Now, unrealted to any of the above, please enjoy some pictures of GEEB! eating many, many strawberries at the farmers' market last weekend. He tried to eat them husks and all, in case you were curious. (More proof that I am a real mom. Real moms very coolly and calmly pry strawberry husks out of their toddlers' mouths in public.)

Mmmmm, delicious strawberry husks.

They are so delicious that I will do a little dance!

I know what you're thinking, and yes, I agree that I do look quite handsome in this hat.

Wednesday, August 5, 2009

Night Night

We have the nicest little bedtime routine, Gabe and I. When it's getting late enough, Gabe gets a clean diaper and a clean pair of PJs, and we lower the blinds in his bedroom to make the room feel nice and cozy. Then we settle into the big soft glider chair in his room with a bottle (the only bottle he gets nowadays, which he drinks with unbridled enthusiasm) and a stack of picture books. Then we read and read and read until he begins to rub his eyes. Next is the best part: we turn the lights down very low and cuddle in the glider and rock and rock and rock until he is nice and sleepy. Then it's kisses and hugs and time to go to sleep in the crib.
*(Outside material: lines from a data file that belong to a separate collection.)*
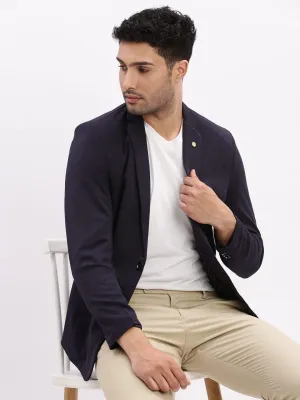 Men Navy Blue Slim-Fit Notched Lapel Collar Single Breasted Cotton Casual Blazer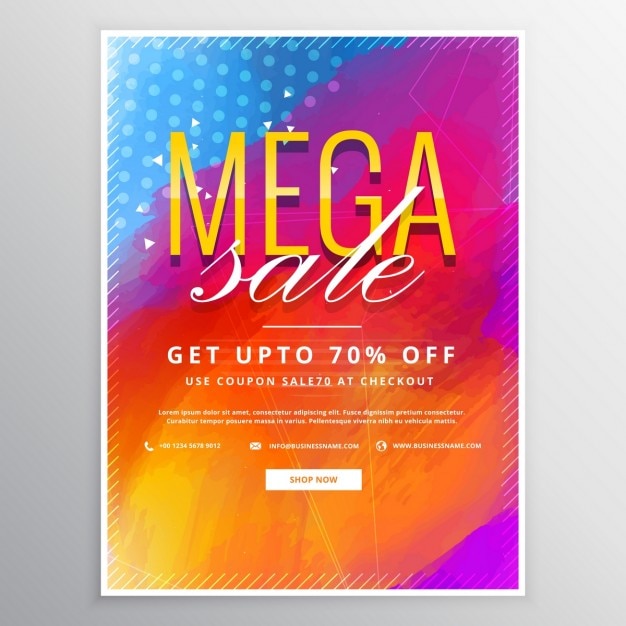 Free Vector | Mega sales poster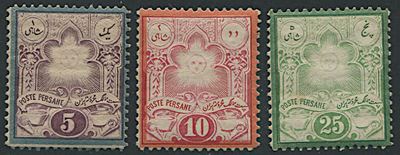 1881, Persia, 5 C. Violet, 10 Cent. Carmine, 25 C. Green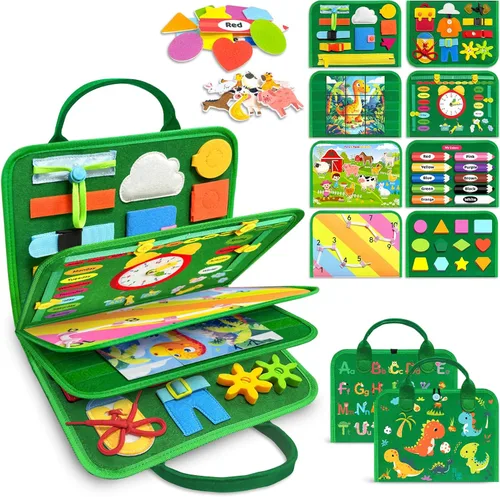 Miniatura 9 de Gojmzo - Tablero de actividades Montessori, para niñas de 1, 2, 3 o 4 años, ideal como regalo de cumpleaños, sensorial, juguete educativo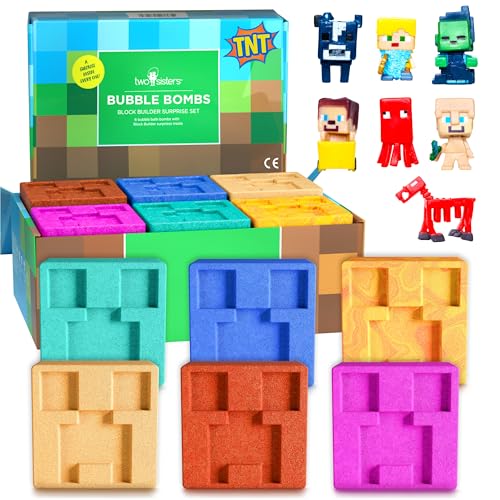 TNT Creeper Bath Bombs for Kids with Surprise Toys Inside (6 Pack) Large Fizzy Bubble Mine Bomb - Easter Basket Stuffers for Boys Fruity Scent Skin-Safe USA Made by Two Sisters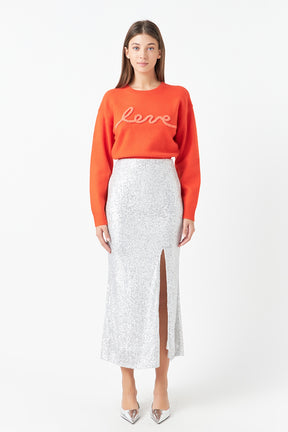 ENDLESS ROSE - Sequins Front Slit Midi Skirt - SKIRTS available at Objectrare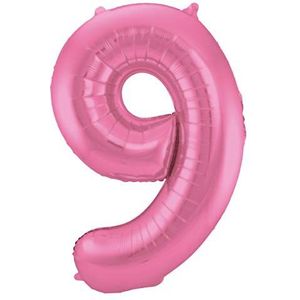 Folat 65909 folieballon cijfer 9 roze metallic 86 cm helium ballon decoratie verjaardag bruiloft jubileum roze mat 65909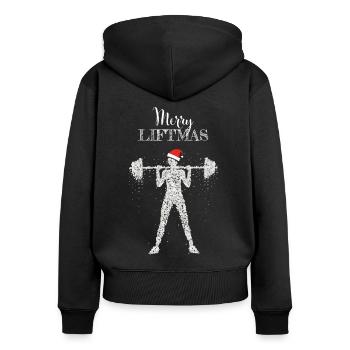 Merry Liftmas Haltérophilie Fitness Santa Hat - Sweat à capuche zippé Premium bio Femme - noir - Dos - Julia (174cm)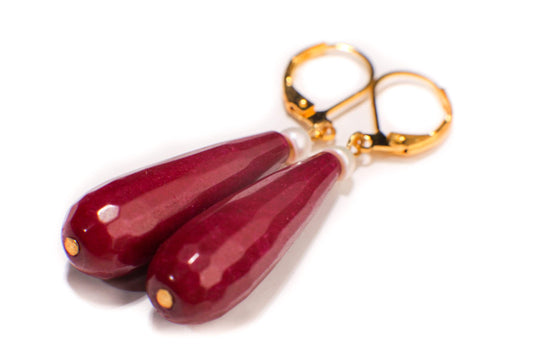 Ruby Jade 20×40mm Long Teardrop with Freshwater Button Pearl, Silver or Gold Leverback Earrings, Gift for her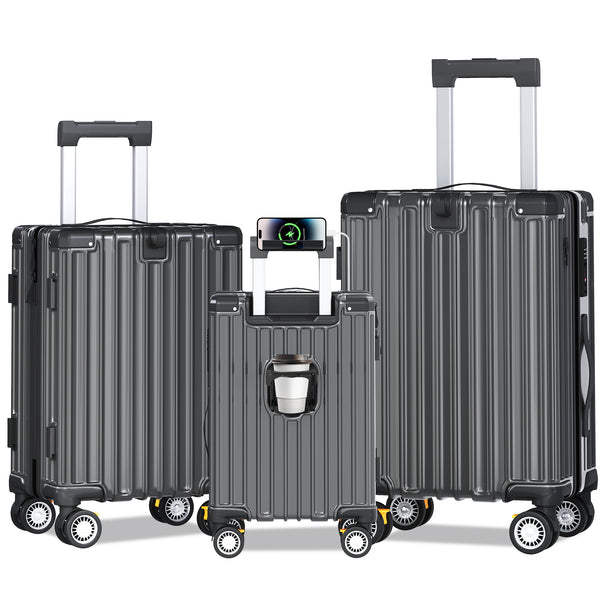 EROMMY Lightweight Hardshell Luggage Sets 3 Piece, with Double Spinner Wheels, ABS+PC Hardside Suitcase Set with TSA Lock & YKK Zipper for Women Men Travel, Expandable, 20/24/28"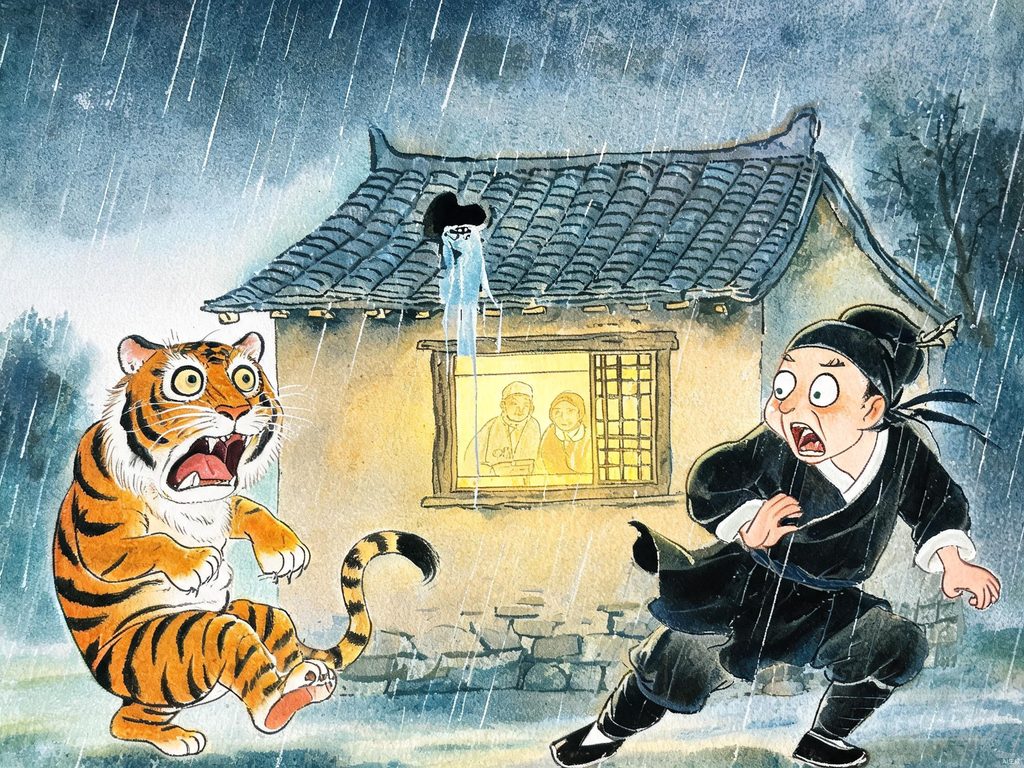 雨夜中老虎和贼在老屋外害怕逃跑插画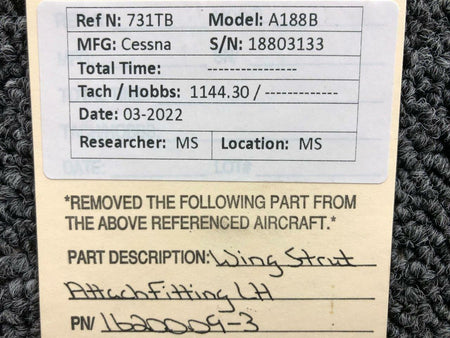 Cessna Aircraft Parts 1620009-3 Cessna A188B Wing Strut Attach Fitting LH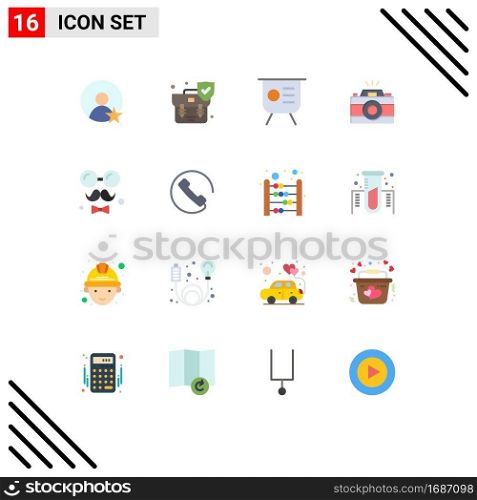 Universal Icon Symbols Group of 16 Modern Flat Colors of brim, picture, graph, photo, camera Editable Pack of Creative Vector Design Elements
Tonight while we were rocking, when I suspected Gabe was beginning to drift off to sleep, he nuzzled his head a little deeper into the crook of my arm and said, "Mommy." Then he looked up at me, straight into my eyes, and said, "Happy." Then he nuzzled back down and let out the most contented sigh I have ever heard.

This ranks in the top ten moments of my life, for sure.

I love our routine so much, and I really, truly hope I can figure out some way to continue it after baby #2 is born early next year.

That's right, I'm pregnant again. Like, really pregnant. Fourteen weeks. That's officially second trimester and everything.

I've been trying to muster up the enthusiasm to write a "Hooray I'm Knocked Up Again Hooray Hooray!" post for literally weeks now, because Matt and I are over-the-moon excited, but quite obviously this post has not happened. I blame: (1) my full-time job, which seems to be more full-time than ever, if such a thing is possible; (2) my toddler, who only walks now (no crawling!) and is trying to figure out how to run; (3) the killer fatigue of early pregnancy, which I somehow managed to block out from last time around (although I really should have remembered the multiple times I flat-out fell asleep at my desk at work during my pregnancy with Gabe, including once with a little drool on the desk); and, most critically (4) the evil, evil "morning" sickness.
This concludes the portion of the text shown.